> **EXERCISE DATA**
"""

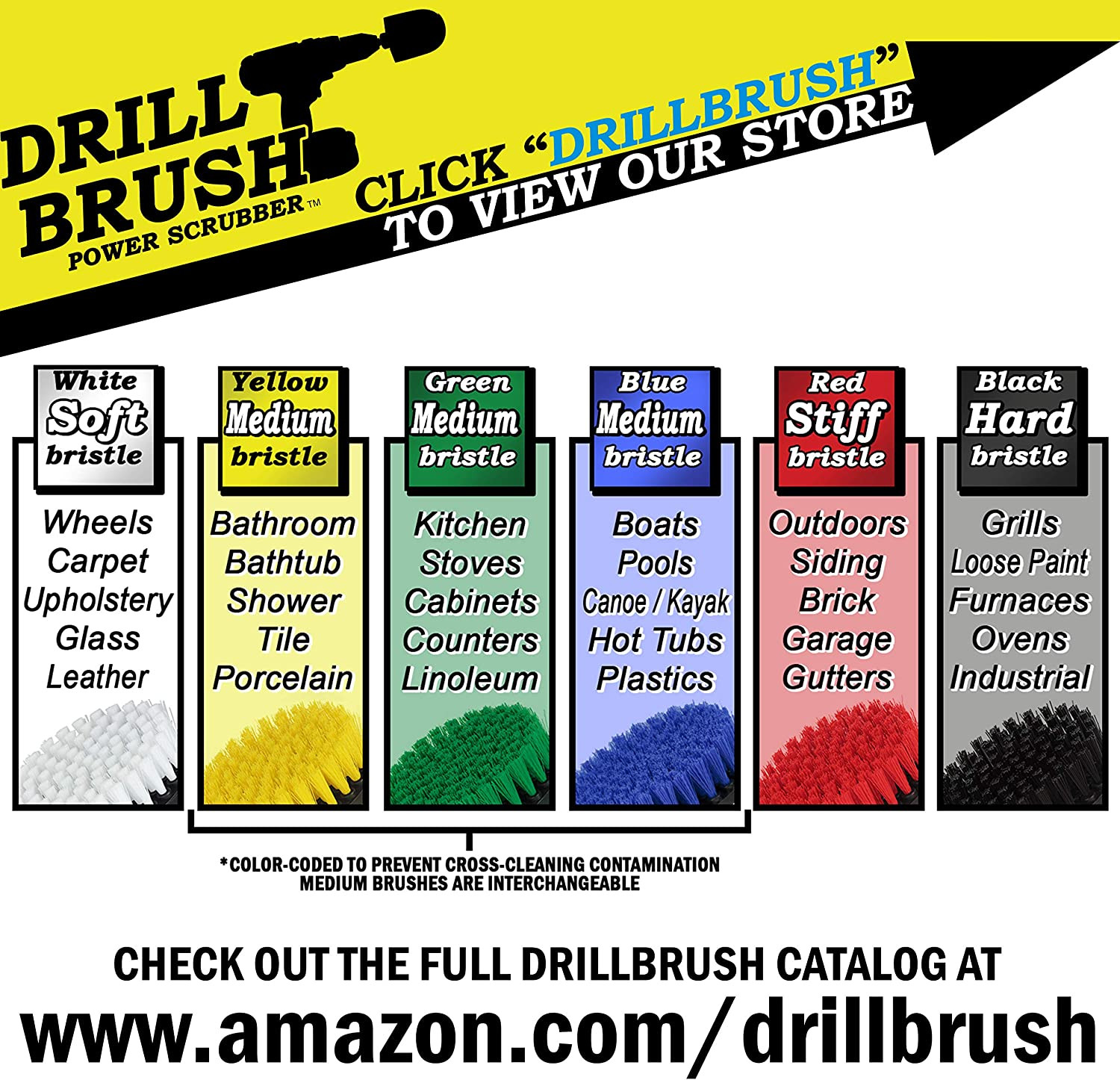 Stiff Bristle Power Scrubber Kit with Extension – Pressure Washer Surface Cleane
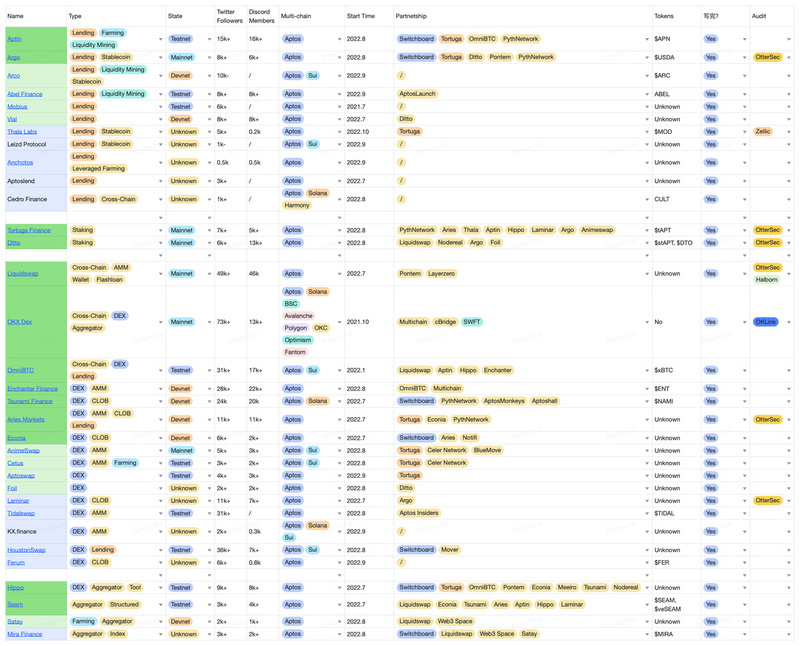 每周编辑精选 Weekly Editors' Picks（1015-1021）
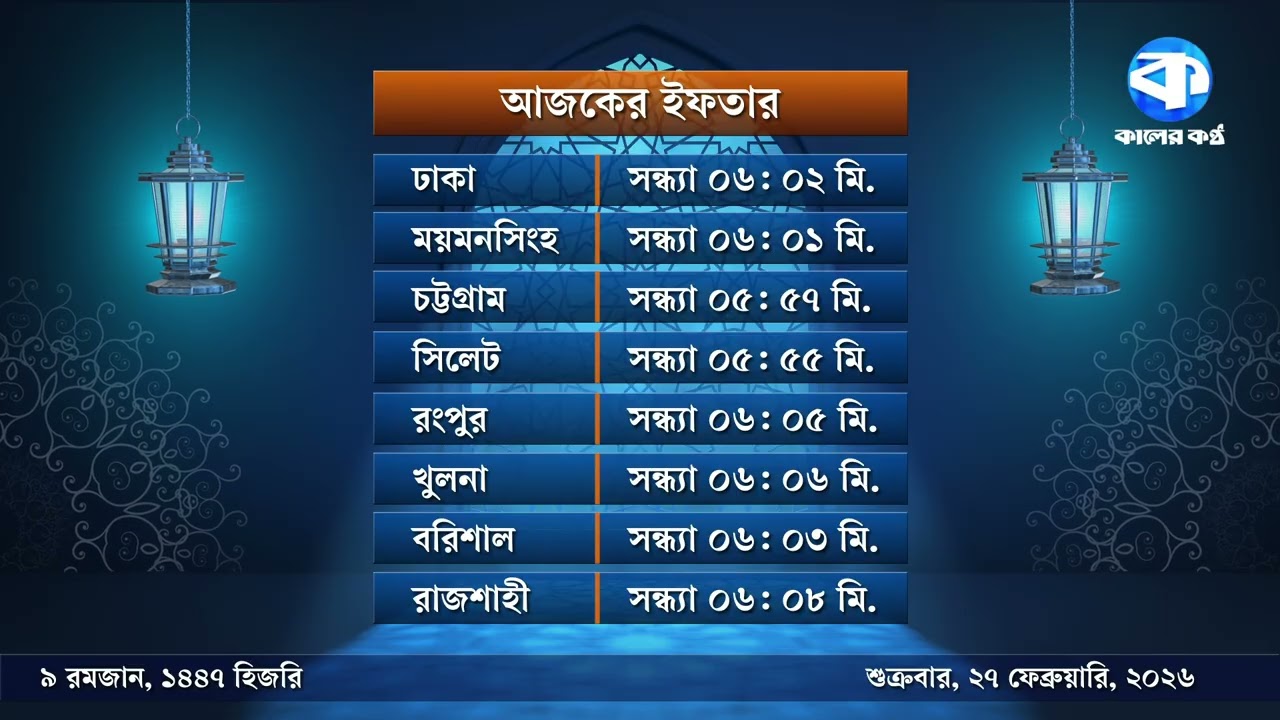 জেনে নিন আজকের ইফতারের সময়সূচি #iftar #iftartime #kalerkantho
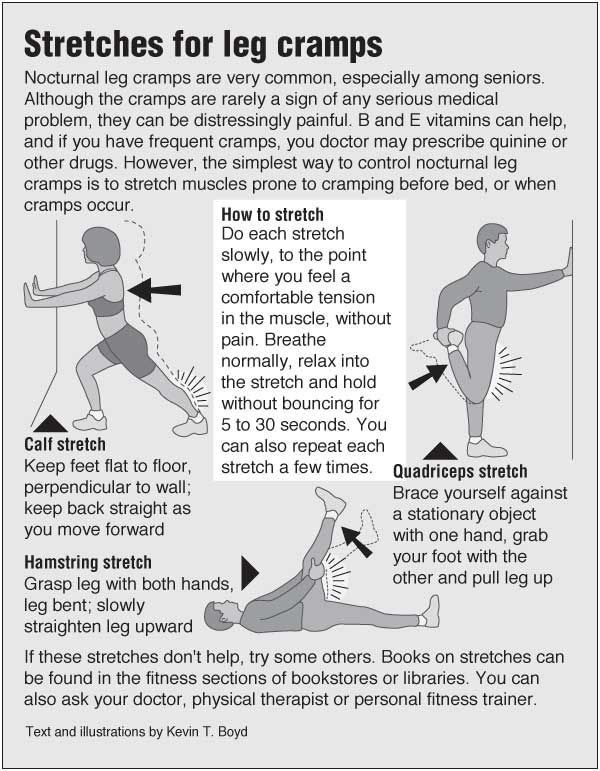 How to prevent leg cramps during basketball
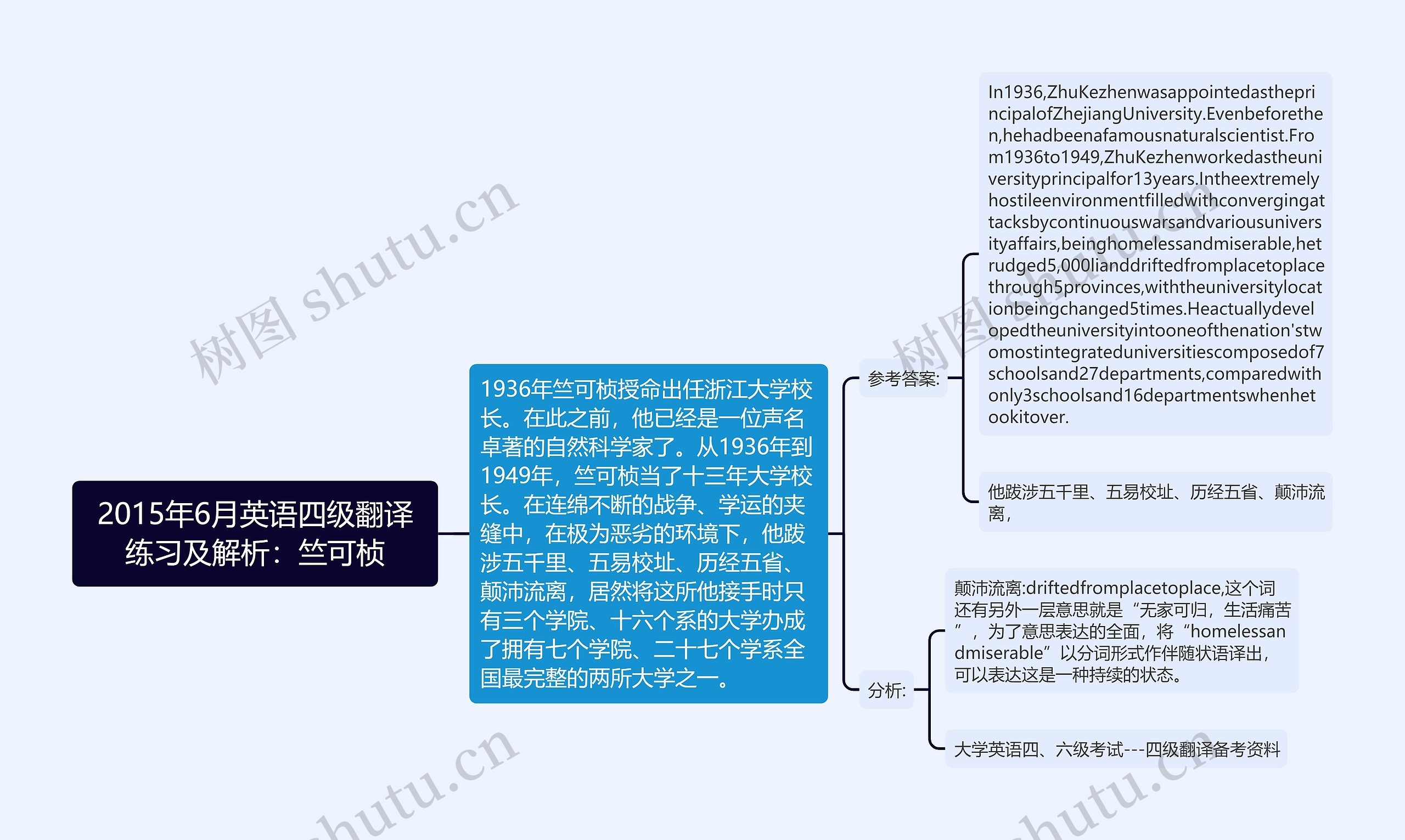 2015年6月英语四级翻译练习及解析：竺可桢思维导图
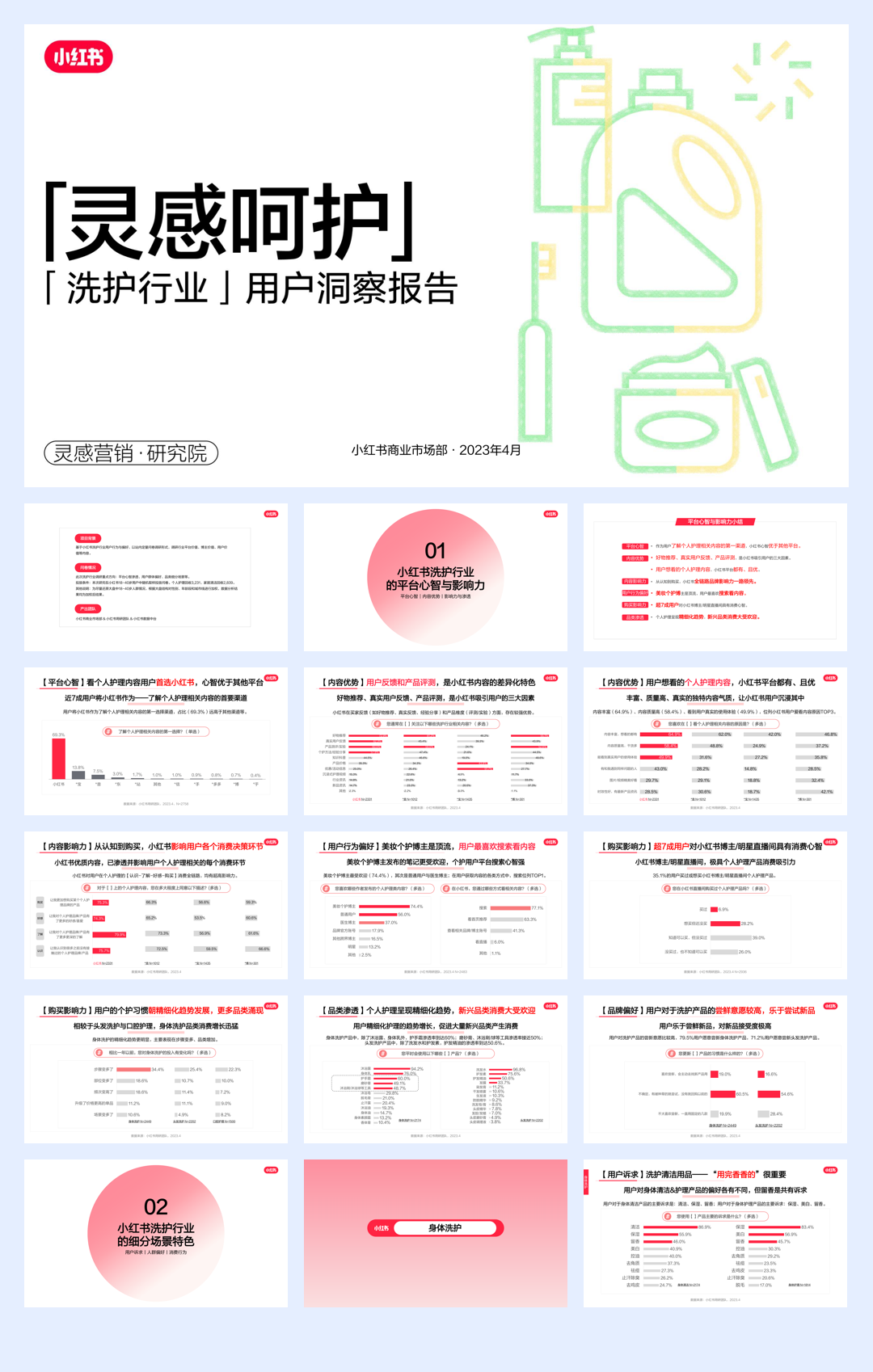 「灵感呵护」小红书洗护行业用户洞察报告.pdf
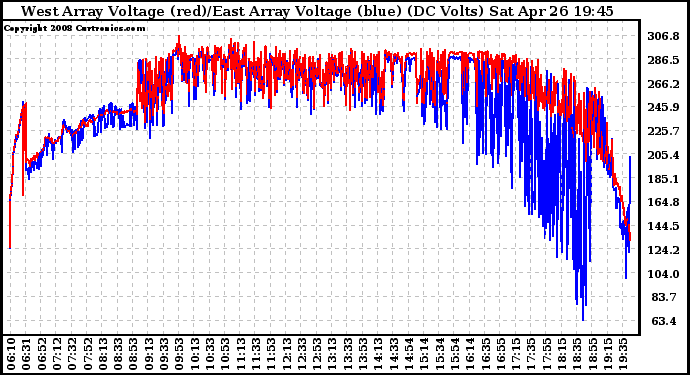 Solar PV/Inverter Performance Photovoltaic Panel Voltage Output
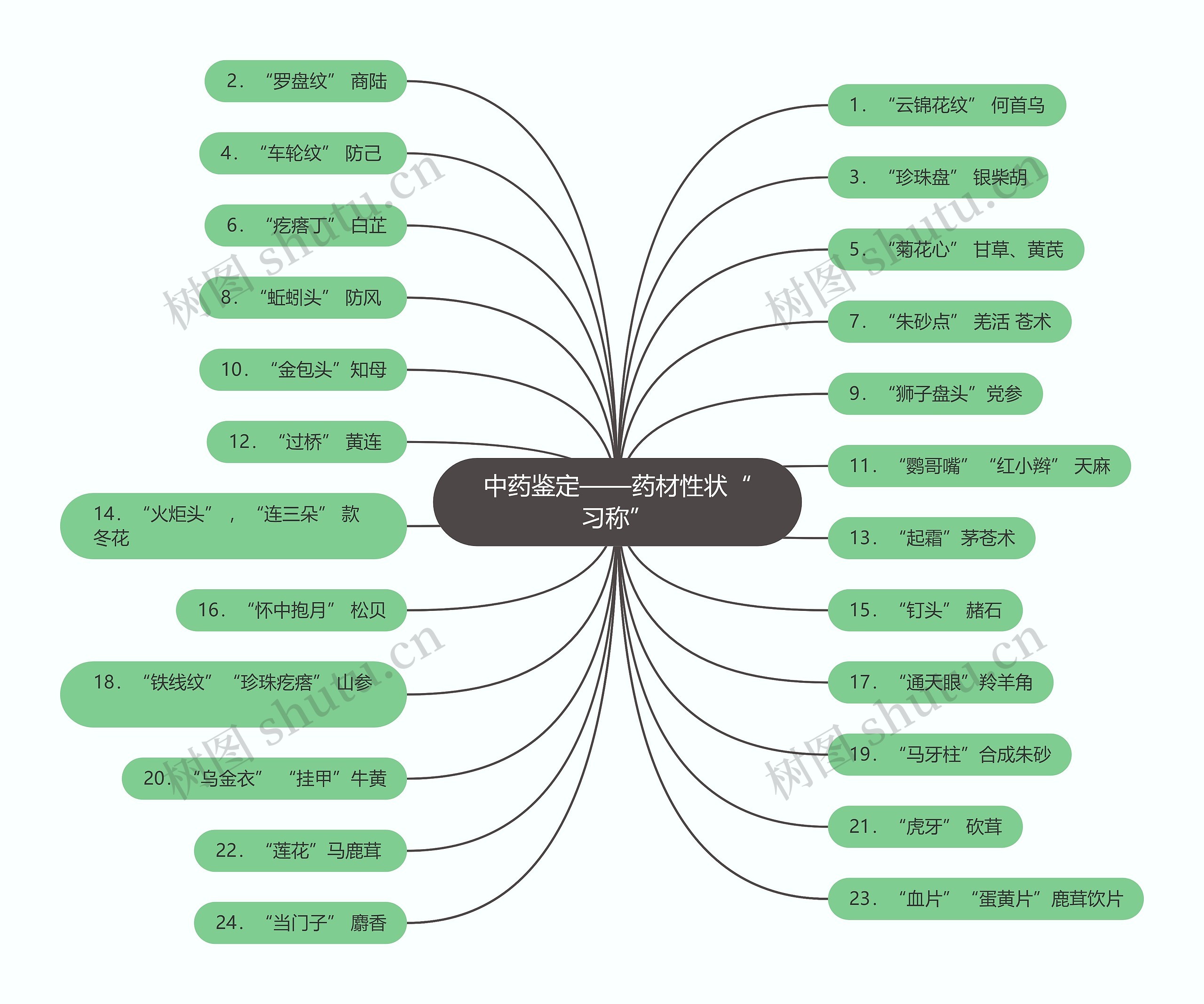 中药鉴定——药材性状“习称”思维导图
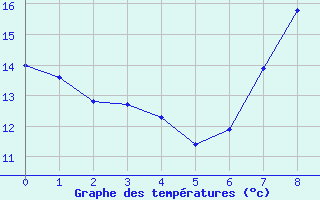 Courbe de tempratures pour Stuttgart / Schnarrenberg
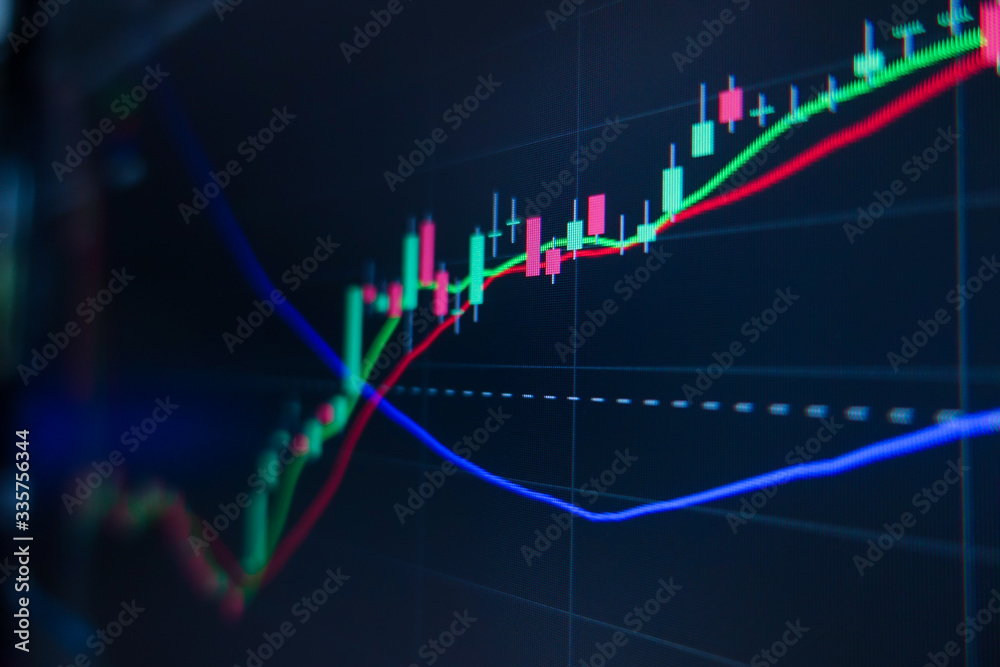 Stock market trading graph and candlestick chart on screen monitor background. Financial investment and economic concept. Stock market trading graph and candlestick chart on screen monitor background. Financial investment and economic concept.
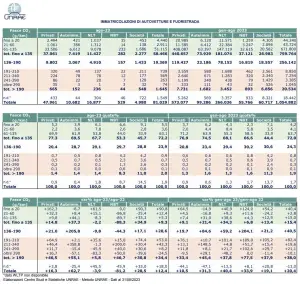 Mercato auto Italia agosto 2023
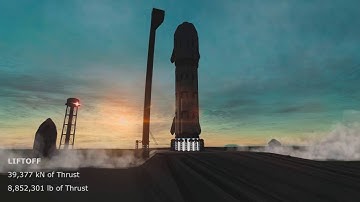 SpaceX Interplanetary Transport System in KSP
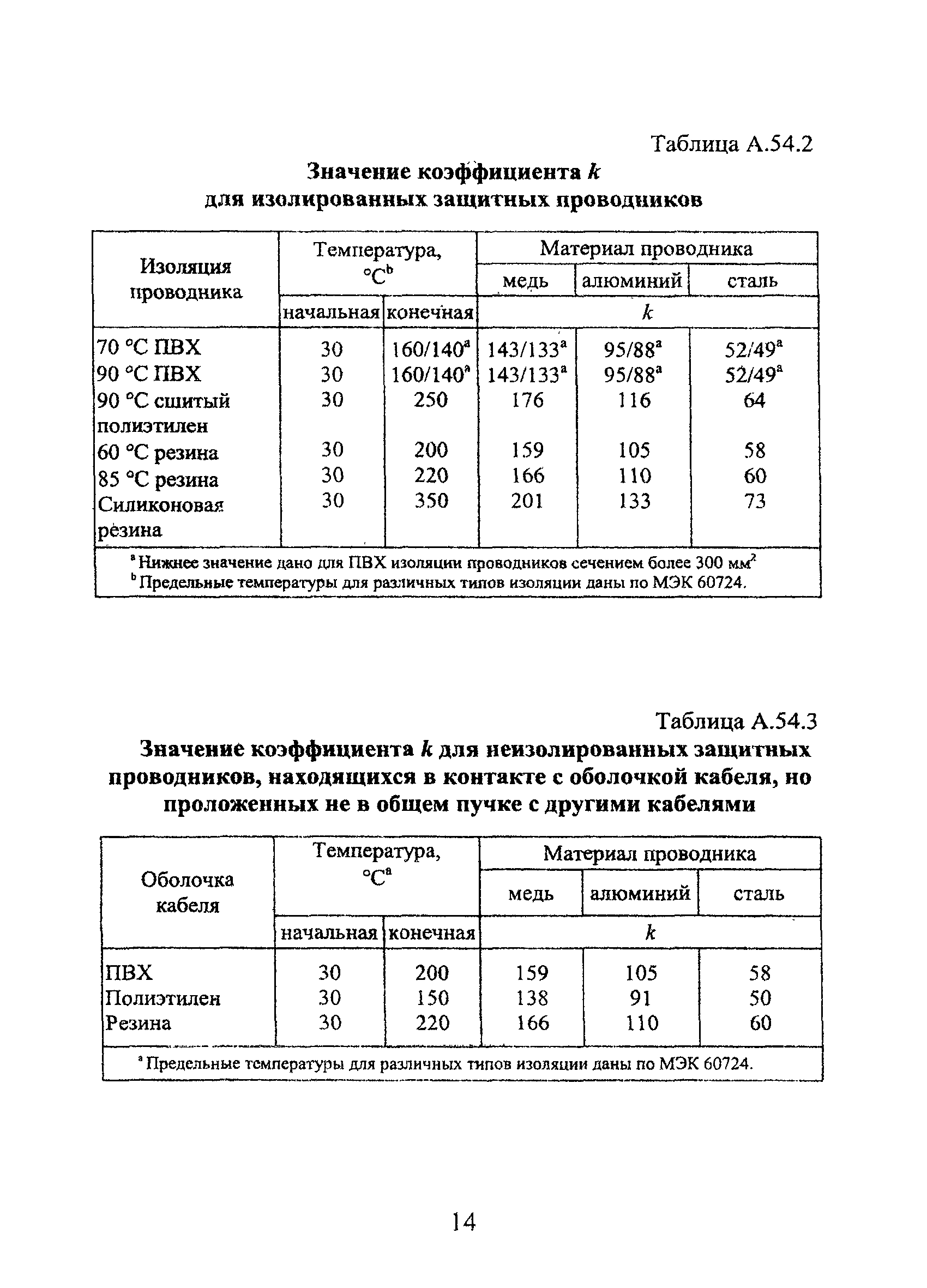 Технический циркуляр 6/2004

"""

> **WHAT YOU SHOULD DO**
Give back, word for word, the lines from the one with "Courbe de tempratures" to the end of the records above, and no pictures.

> **WRITTEN REPLY**
 Courbe de tempratures pour Stuttgart / Schnarrenberg
 Stock market trading graph and candlestick chart on screen monitor background. Financial investment and economic concept. Stock market trading graph and candlestick chart on screen monitor background. Financial investment and economic concept.
 Mercato auto Italia agosto 2023
 SpaceX Interplanetary Transport System in KSP
 Технический циркуляр 6/2004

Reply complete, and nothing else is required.